Pocztówki z Białegostoku - Joanna Karpowicz
Komiks promujący miasto Białystok, wydany przez Centrum Zamenhofa. Wielka szkoda, że nie dwujęzyczny. Znam Białystok i ten z kadrów komiksu jest dla mnie trochę za bardzo "przaśny". Chociaż dla artystki z Krakowa wyglądał może jak głęboka prowincja. "Mój" Białystok wygląda trochę inaczej. Ale rysunki bardzo ładne i żałowałam przy czytaniu, że taki krótki.
Legendy Bydgoskie - Bydgoszcz w komiksie - różni artyści
Pierwszy raz zdarzyło się, żebym na festiwalu kupowała komiksy promujące miasta i to nawet dwa na raz. Zakładałam, jak widać nie do końca słusznie, że nie będzie na czym oka zawiesić. A tu proszę całkiem miła niespodzianka. Ponieważ każda legenda została narysowana przez innego artystę, jest to bardzo ciekawy zbiorek. Oczywiście nie wszystkie mi się spodobały, ale to było do przewidzenia. Przyczepię się tylko do okładki, ta białostocka bardziej przyciaga wzrok.

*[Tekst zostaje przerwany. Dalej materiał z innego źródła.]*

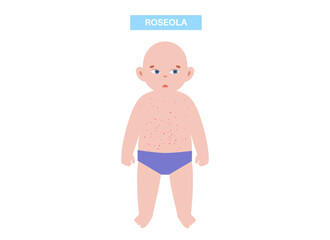 Roseola or exanthem subitum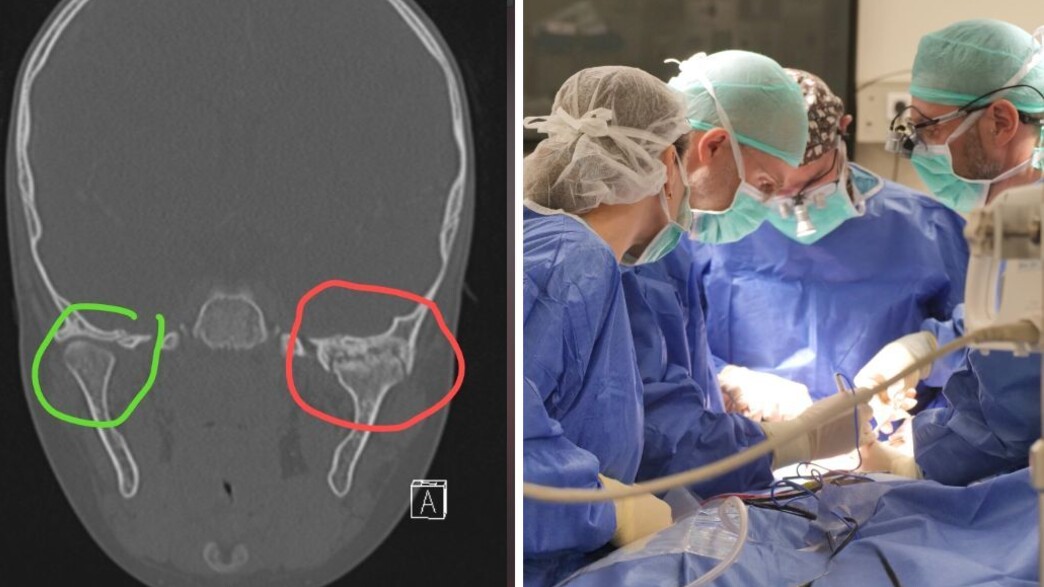 הניתוח הנדיר ברמב"ם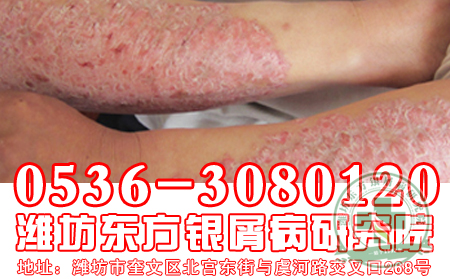 谁该为银屑病久治不愈埋单？【全国十佳医院】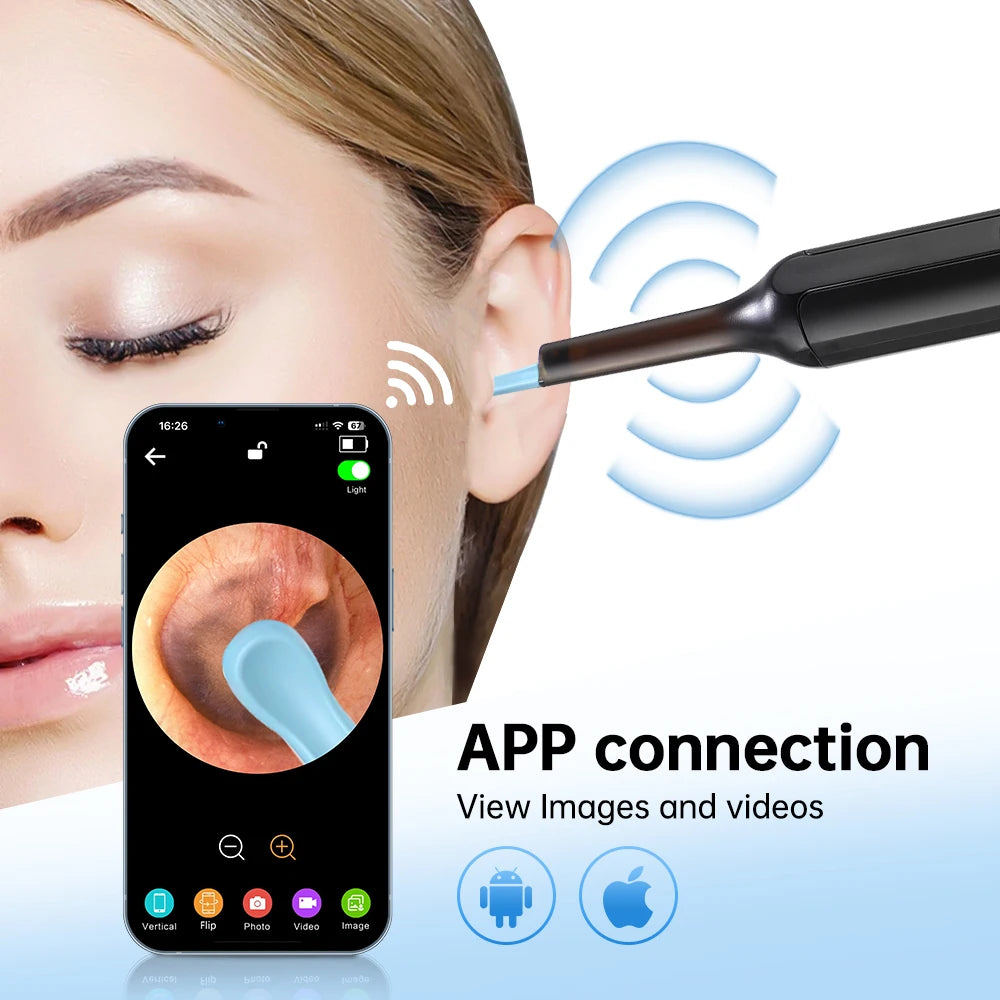 Smart Visual LED Ear Cleaner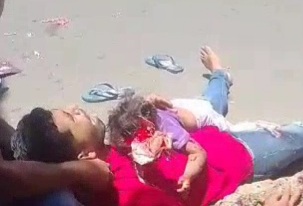 crying father holding his dying baby girl with her skull cracked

Dzieci i ryby głosu nie mają (Marzi 1) - Marzena Sowa i Sylvain Savoia
Pierwszy tom Marzi został wydany już pięć lat temu, ale kupiłam go dopiero teraz, zresztą na prezent dla 10-letniej dziewczynki. Myślę, że się sprawdzi, bo główna bohaterka jest mniej więcej w tym samym wieku. Rzecz się dzieje w PRL-u, w latach 80-tych. Problemy Marzi to dla mojego pokolenia nic nowego. Ja w dodatku nie czuje sentymentu do lat dzieciństwa z tamtych czasów, ale jak napisałam to nie dla mnie. Myślę, że dla dzieci urodzonych po 89, to świat trochę jak z innej planety, więc może być ciekawy. Mam przynajmniej taką nadzieję.
A sam Festiwal? Zupełnie w porządku. Wyjątkowo większość czasu spędziliśmy na panelach "30-lecie Fantastyki", a nie w kolejkach po autografy. Odwiedziliśmy nową księgarnie Incal, spotkaliśmy znajomych. Bez nerwów i przepychanek. Słyszałam, że wydawnictwa też były bardzo zadowolone. Ponoć sprzedaż na stoiskach szła dobrze jak nigdy. Zresztą, zostawiłam sobie zakup części tytułów na niedziele i okazało się, że się spóźniłam. Ha! Moja wina.
Na zdjęciu Marzena Sowa i włoski rysownika Igort pochłonięci rozmową, jeden z powodów dla których kolejka wlokła się niemiłosiernie.